Chris Conlan

Financial Data Scientist

  • About
  • Blog
    • Business Management
    • Programming with Python
    • Programming with R
    • Automated Trading
    • 3D Technology and Virtual Reality
  • Books
    • The Financial Data Playbook
    • Fast Python
    • Algorithmic Trading with Python
    • The Blender Python API
    • Automated Trading with R
  • Snippets

Fastest Way to Flatten a List in Python

June 5, 2020 By Chris Conlan 23 Comments

In my latest book, Fast Python, I bust a lot of speed myths in Python. Some of the most basic advice people give about optimizing Python code is wrong, likely because no one ever bothered to test it. In this book, I go back to the basics and verify (or bust) all of the advice and assumed knowledge that we share as a programming community.

In this post, I’ll show you five ways to flatten a list in Python, and then show you the test results.

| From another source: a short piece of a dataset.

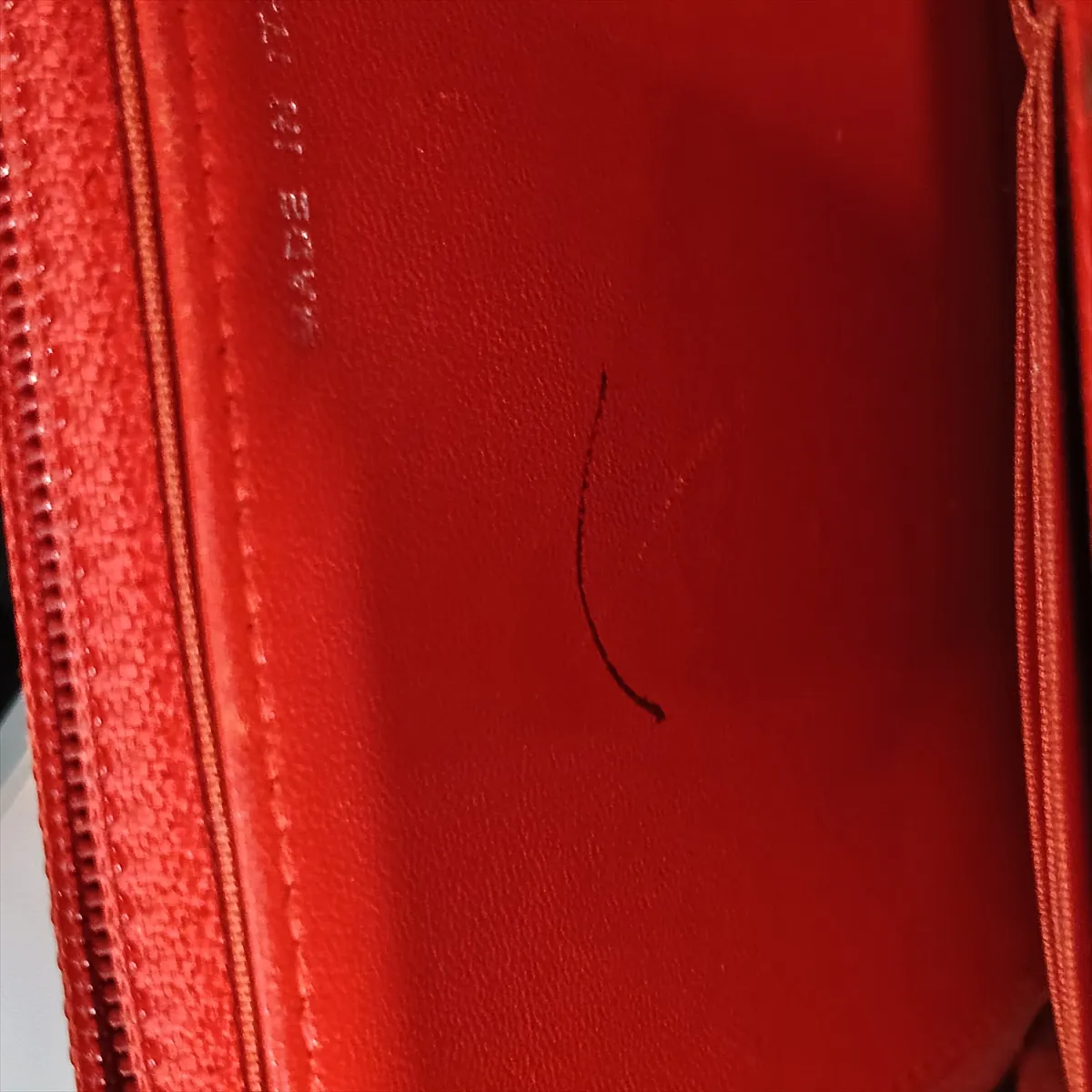 Trendy CC Lambskin Chain Wallet, Red, Silver Hardware, 24691448, Serial Number 24 — view 11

I consider these results to be a myth-buster, because they are not at all what I expected based on what we consider best practice in the Python community.

The methods

# Use long-form list addition
def slow_add_flatten_lists(the_lists):
    result = []
    for _list in the_lists:
        result = result + _list
    return result

# Use list addition with the += operator
def add_flatten_lists(the_lists)
    result = []
    for _list in the_lists:
        result += _list
    return result

# Use List.extend
def extend_flatten_lists(the_lists):
    result = []
    for _list in the_lists:
        result.extend(_list)
    return result

# Use List.append
def append_flatten_lists(the_lists)
    result = []
    for _list in the_lists:
        for val in _list:
            result.append(val)
    return result

# Use a nested list comprehension
def comprehension_flatten_lists(the_lists)
    return [val for _list in the_lists for val in _list]

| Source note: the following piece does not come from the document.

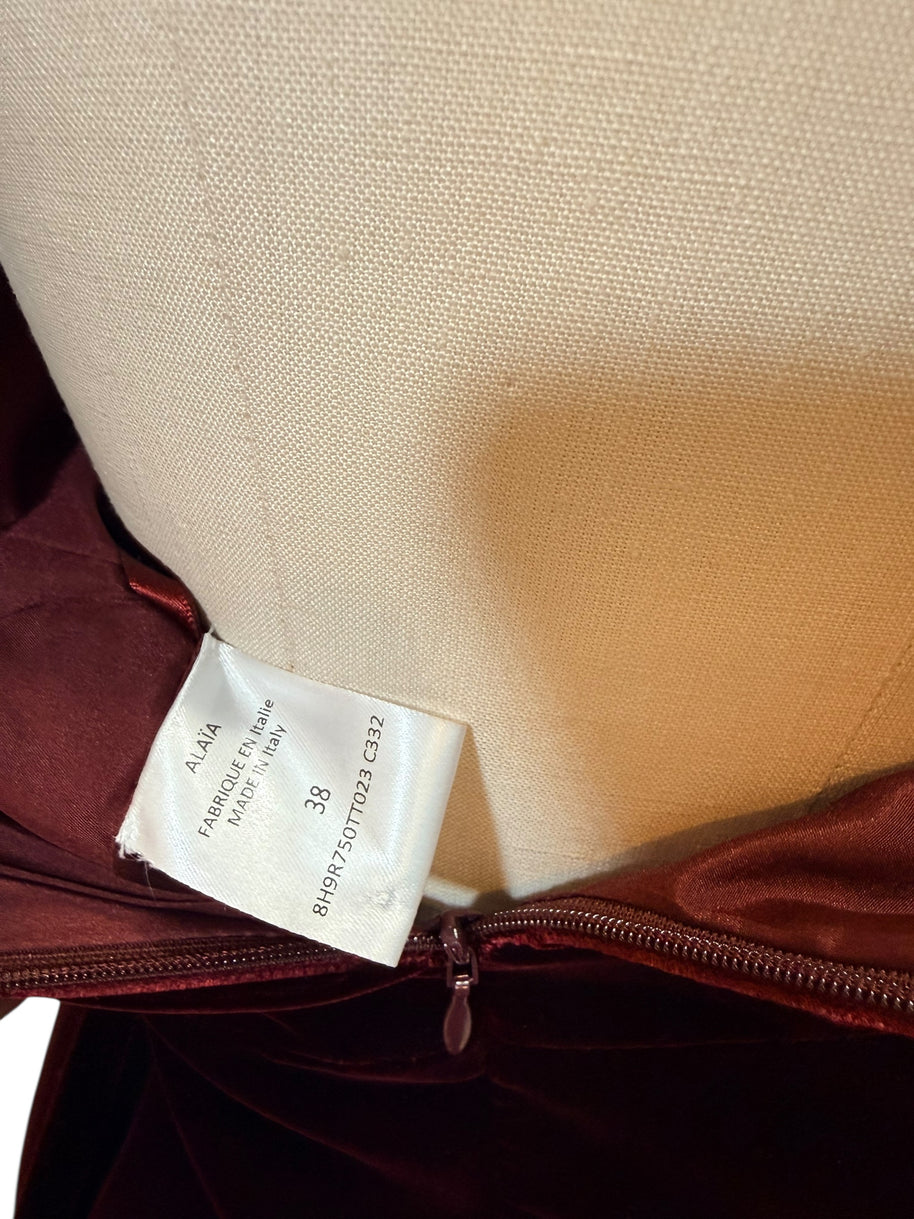 Alaïa FW2008 Burgundy Velvet Draped Cowl-Neck Evening Gown (IT 38 | US 0–2)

Most people would expect the third or fifth option to be fastest, because they are the most concise and best utilize Python’s existing data structures to achieve the desired outcome, but this is not the case. For some reason, the second method, using list addition with the += operator, is the fastest by a large margin. Here are the profiles.

Most people assume that the += operator on lists must be slow, because a += b is likely just syntactical sugar for a = a + b, which is provably slow. This isn’t the case. The += operator is optimized in some other ways for Python lists, as is proven by the code profiles, and it is not at all equivalent to a = a + b. Surprisingly enough, it is not only optimized, but it ends up being the fastest known method the flatten a list.

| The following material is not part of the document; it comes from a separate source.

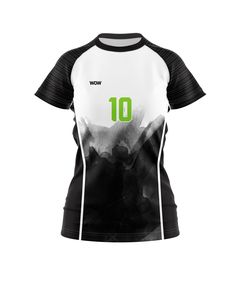 a black and white shirt with the number 10 on it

Check out Fast Python if you are interested in busting more speed myths and learning how to optimize your Python code. Writing this book has been very helpful to my own programming, because it has given me access to empirical evidence for my speed-based design decisions.

Filed Under: Programming with Python, Snippets

Comments

  1. Terry says

    June 9, 2020 at 8:38 pm

    What about itertools.chain.from_iterable?

    Reply
    • Chris Conlan says

      June 9, 2020 at 8:45 pm

      Someone mentioned that before. Does that compress a list in one shot? How does it work? I will likely include it in the repo.

      Reply
      • Vinny Murphy says

        June 9, 2020 at 10:58 pm

        lol = [‘a’, [‘a’, ‘b’, ‘c’], range(1,22)]
        lol
        import itertools as it
        list(it.chain.from_iterable(lol))

        Reply
        • Terry says

          June 10, 2020 at 12:02 am

          or [*it.chain.from_iterable(lol)], since the list() is slower than [].

          Reply
      • Tin Tvrtković (@tintvrtkovic) says

        June 9, 2020 at 11:15 pm

        https://twitter.com/tintvrtkovic/status/1248995617256374273

        I didn’t think to try += though, it seems quadratic on the face of it.

        Reply
      • Tin Tvrtković (@tintvrtkovic) says

        June 9, 2020 at 11:16 pm

        https://twitter.com/tintvrtkovic/status/1248995617256374273

        I didn’t think to try +=, it seemed quadratic on the face of it…

        Reply
    • Reece Hart says

      June 9, 2020 at 11:57 pm

      What Terry said.

      list_of_lists = [[f”{l}{i}” for i in range(3)] for l in “ABC”]
      list_of_lists
      [[‘A0’, ‘A1’, ‘A2’], [‘B0’, ‘B1’, ‘B2’], [‘C0’, ‘C1’, ‘C2’]]

      import itertools
      list(itertools.chain.from_iterable(list_of_lists)
      [‘A0’, ‘A1’, ‘A2’, ‘B0’, ‘B1’, ‘B2’, ‘C0’, ‘C1’, ‘C2’]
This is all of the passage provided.